**Exercise instructions:** Look for the line that has "6-MANZARA ÇİZİM KARTPOSTAL- DAĞ" in the material below; please repeat it and every line after it, exactly, up to and including the line that has "Load image into", and nothing else.

· · · · · · ·

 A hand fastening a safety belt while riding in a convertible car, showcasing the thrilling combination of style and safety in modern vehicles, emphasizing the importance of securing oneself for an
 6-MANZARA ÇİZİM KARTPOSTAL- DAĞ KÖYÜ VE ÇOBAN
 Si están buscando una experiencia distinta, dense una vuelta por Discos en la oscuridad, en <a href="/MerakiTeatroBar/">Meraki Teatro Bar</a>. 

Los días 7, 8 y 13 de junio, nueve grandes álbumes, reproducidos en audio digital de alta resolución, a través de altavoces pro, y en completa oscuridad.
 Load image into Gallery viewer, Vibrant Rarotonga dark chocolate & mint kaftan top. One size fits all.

· · · · · · ·

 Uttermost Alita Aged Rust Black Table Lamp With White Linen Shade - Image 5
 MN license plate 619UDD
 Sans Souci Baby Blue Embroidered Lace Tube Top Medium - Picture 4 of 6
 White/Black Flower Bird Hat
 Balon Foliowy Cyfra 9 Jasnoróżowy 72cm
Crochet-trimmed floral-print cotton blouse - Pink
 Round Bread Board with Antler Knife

· · · · · · ·

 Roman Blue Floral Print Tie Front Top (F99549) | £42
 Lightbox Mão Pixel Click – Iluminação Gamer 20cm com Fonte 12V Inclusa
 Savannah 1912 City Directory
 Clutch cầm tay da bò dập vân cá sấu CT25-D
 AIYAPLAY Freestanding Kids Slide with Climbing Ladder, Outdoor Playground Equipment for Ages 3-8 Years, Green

· · · · · · ·

**Expected answer:**
 6-MANZARA ÇİZİM KARTPOSTAL- DAĞ KÖYÜ VE ÇOBAN
 Si están buscando una experiencia distinta, dense una vuelta por Discos en la oscuridad, en <a href="/MerakiTeatroBar/">Meraki Teatro Bar</a>. 

Los días 7, 8 y 13 de junio, nueve grandes álbumes, reproducidos en audio digital de alta resolución, a través de altavoces pro, y en completa oscuridad.
 Load image into Gallery viewer, Vibrant Rarotonga dark chocolate & mint kaftan top. One size fits all.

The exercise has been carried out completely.